It displays the previous and current profiling details of each profiling statistic side-by-side.  The side-by-side comparison includes essential information such as column position, column name, column type, top value, null count, distinct count, max value, and min value. By having all these details exclusively aligned, allows for easy comparison between the two profiling instances, enabling users to identify any changes or trends in the data from different profiling sessions.

Add to Projects

Data objects are added to any project set as the default project. For example, a team is working on a project called "Customer Feedback Analysis." By setting this project as the default, data objects (referred to as tasks in projects) related to customer feedback can be easily added to the project. This ensures that all team members have quick access to the relevant data objects and can collaborate and effectively work around the data objects.

Adding Data Objects to the Access Cart

When the  Access Cart is set as the default project, it serves as a centralized access request management system. Users can add multiple data objects to the cart and raise access requests in bulk. This simplifies the process of managing and tracking access permissions for the selected data objects, improving efficiency in granting appropriate access to users on the data objects.

Collaboration

OvalEdge provides a powerful Collaboration messaging feature to foster seamless communication and collaboration among users within the application. The chat-like icon is enabled on specific pages and users who have access to that particular object can share messages, discuss relevant topics, and collaborate within the context of that specific item.  

Business Description

It represents the business purpose for creating a particular data asset (Tables/Reports/Files). Users with Meta-write permissions can edit the business descriptions. Users can attach images, links, videos, or tables, and apply a few basic formatting options to the text, add object references using @ annotation.

Technical Description

Technical Description serves as a valuable resource for users who require in-depth knowledge of the technical specifications associated with a data object. It contains information such as formulas, connection details, data integration details, or any other technical aspects that are essential for understanding and working with the data object effectively.

Source Description

Source Description displays the comments added to the data objects at the remote source. If any technical description is included on a data object at the source, it will automatically get populated in the source description on Ovaledge. This field is non-editable.

Terms

Terms are unique and standard definitions that define an organization's key processes, concepts, and data assets. A Term consists of a business description, policies, and procedures that enhance business metadata on physical data assets. It helps to classify data objects and simplifies data discovery.

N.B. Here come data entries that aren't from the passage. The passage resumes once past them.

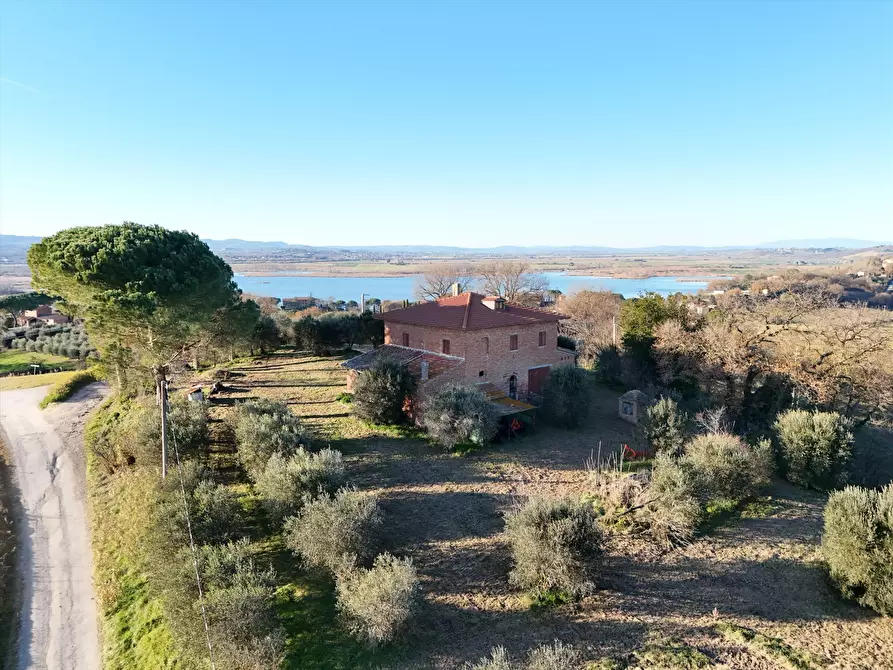 Immagine 6 di Rustico / casale in vendita  in Via Guidonami, 16 a Castiglione Del Lago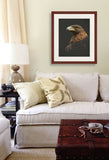 Golden Eagle painting by wildlife artist Kathie Miller. Prints available. 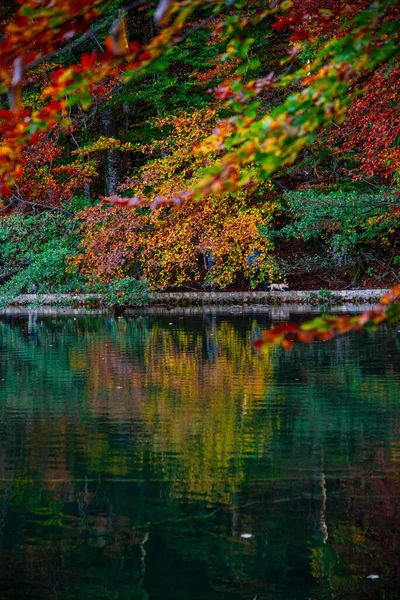 Feuilles Automne Dans Étang — Photo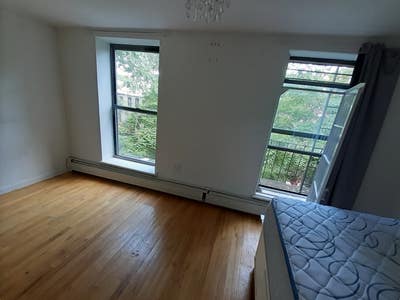 Spacious Room for cat friendly person Main Photo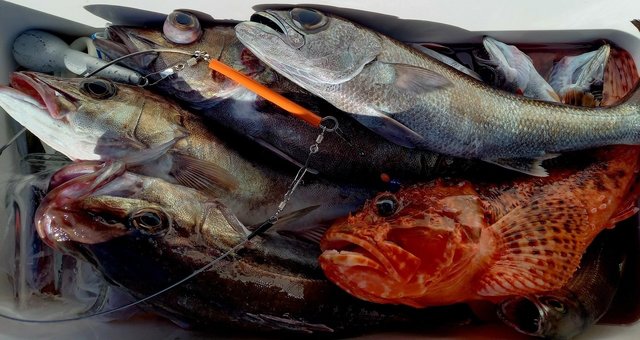 アラ・クロムツ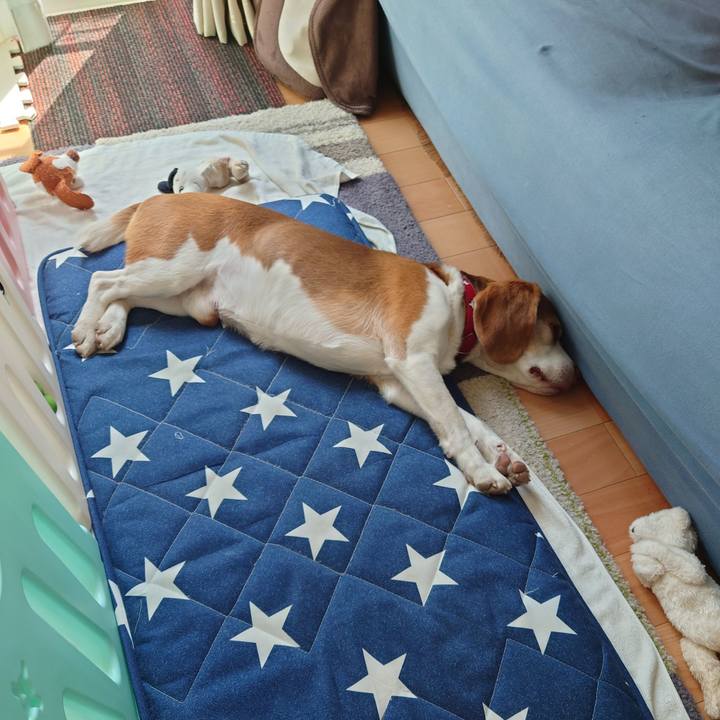 Dda624a4 3fa6 48d2 82cb 57299d27491b 1712030430473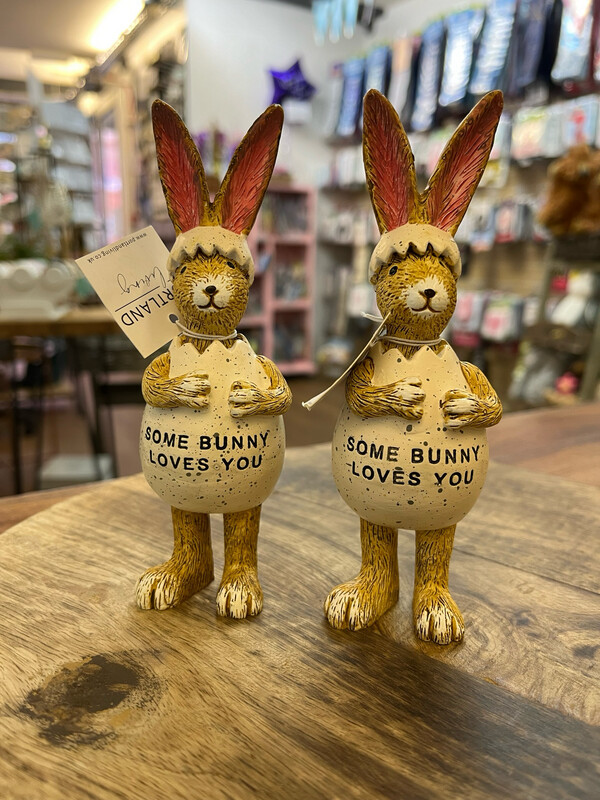 Resin Bunny In A Speckles Egg Costume Ornament”some Bunny Loves You”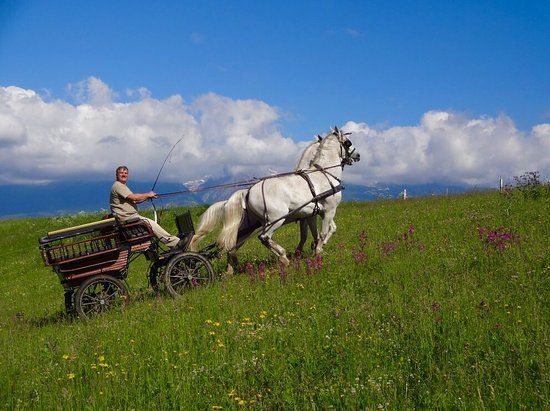 Kociarove muzeum Pavla Balaza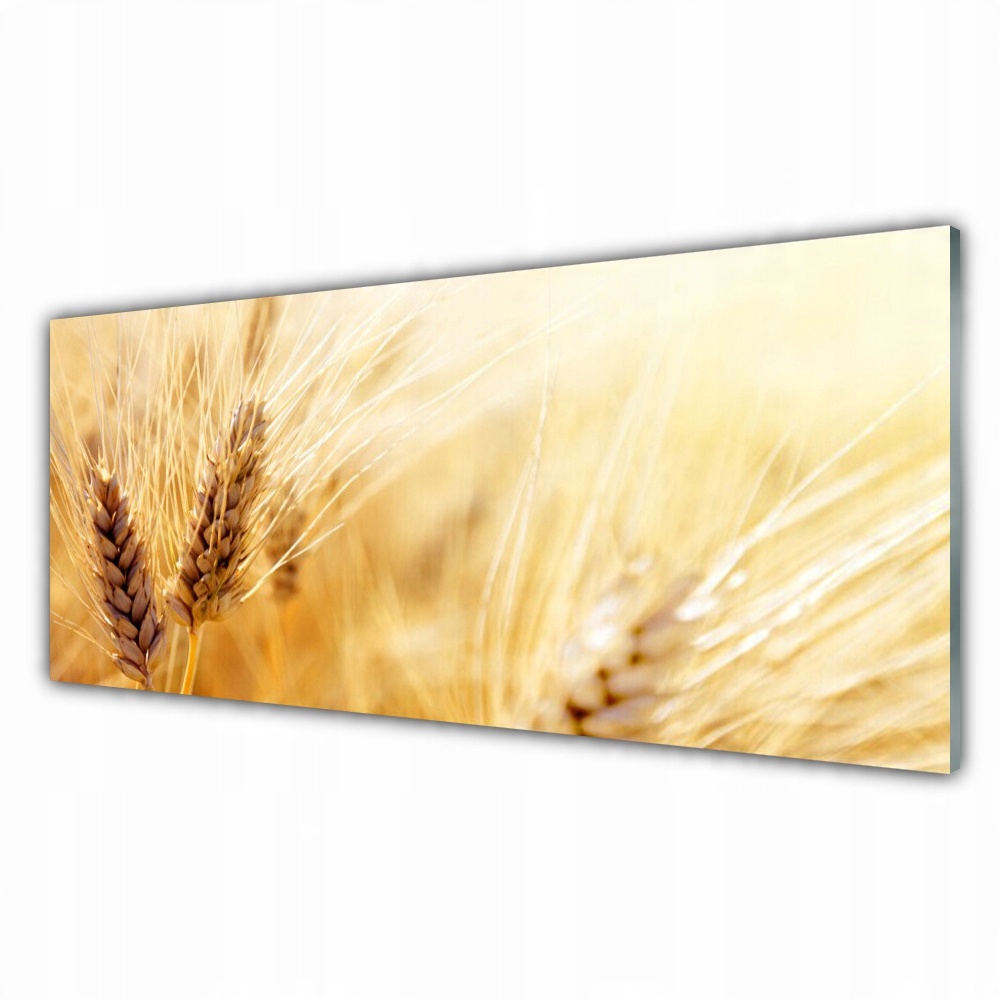 

Fotoobraz z grafiką 125x50 Pszenica Roślina Natura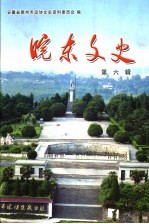 皖东文史 第6辑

This section outlines the business term, its relationships, masking policies, associated data objects, and classification.’

Tags 

Tags are keywords that help users to organize the data assets for better management and discovery. Users can select and add appropriate tags from the list of existing tags in the left panel by clicking on the ‘+’ icon next to the tag.

Users can view a list of all the Tags assigned to the Term in the right panel drop-down menu. To remove tags from a term, the user can click on the ‘x’ icon next to the tag.

Certified Date

Certified Date indicates the date and time when a certification status, such as Certified, Violation, Caution, or Inactive, is applied to a data object in an application. 

Example: suppose an object containing personal information is certified on May 1st, 2023. In that case, the Certified Date will reflect that date and time, indicating that the data object has been certified then.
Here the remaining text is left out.